How spiritual practices can foster creativity

The most useful essays in this new collection are the ones that tell stories from parish ministry.
April 6, 2017

Creativity gives rise to further creativity. At our church this past Advent, we arranged the chairs in our worship space into a circle so that the congregation itself formed the Advent wreath. Candles were placed on stands at four points on the perimeter of the circle, and each Sunday’s service began with the congregation processing in song around this living Advent wreath. With the creativity expressed in this liturgical event, our worship planners not only honored church tradition and brought the congregation bodily into Advent; they also nurtured a congregational imagination for future creativity in our life together.

Stories of how others creatively approach congregational life spark my own creativity in ministry. For me, the most useful of the 22 essays in this new collection are those in which the authors—all of whom are active in parish ministry—tell such stories.

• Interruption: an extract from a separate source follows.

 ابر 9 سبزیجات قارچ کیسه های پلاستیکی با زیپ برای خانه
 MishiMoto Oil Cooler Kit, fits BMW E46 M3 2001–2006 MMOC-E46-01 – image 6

Jeffrey Gallagher describes how he took up running early in his clergy career. His running time became a time of prayer, envisioning sermon illustrations, and viscerally connecting with God’s creation. As a runner, I nodded my head in appreciation as I read, having shared these experiences. But the essay gets more interesting—and more inspiring—when Gallagher describes how running became connected to other aspects of his pastoral ministry.

During Lent one year, Gallagher challenged the congregation to run cumulatively the total number of miles from their location in Maine to Jerusalem. As the congregation embraced this challenge, they not only received health benefits. They also experienced the deepening of community as people shared their experiences of connecting with God through running. Later members of the congregation formed a running team that met weekly to prepare for a 5K race. Then, in a moving response to the Boston Marathon bombing, the church sponsored a 2.62 mile run on the streets of their town as a way of praying for all those impacted by that tragedy. As a result of promotional e-mails and Facebook postings, over 100 people showed up for the run—many of them not from the church.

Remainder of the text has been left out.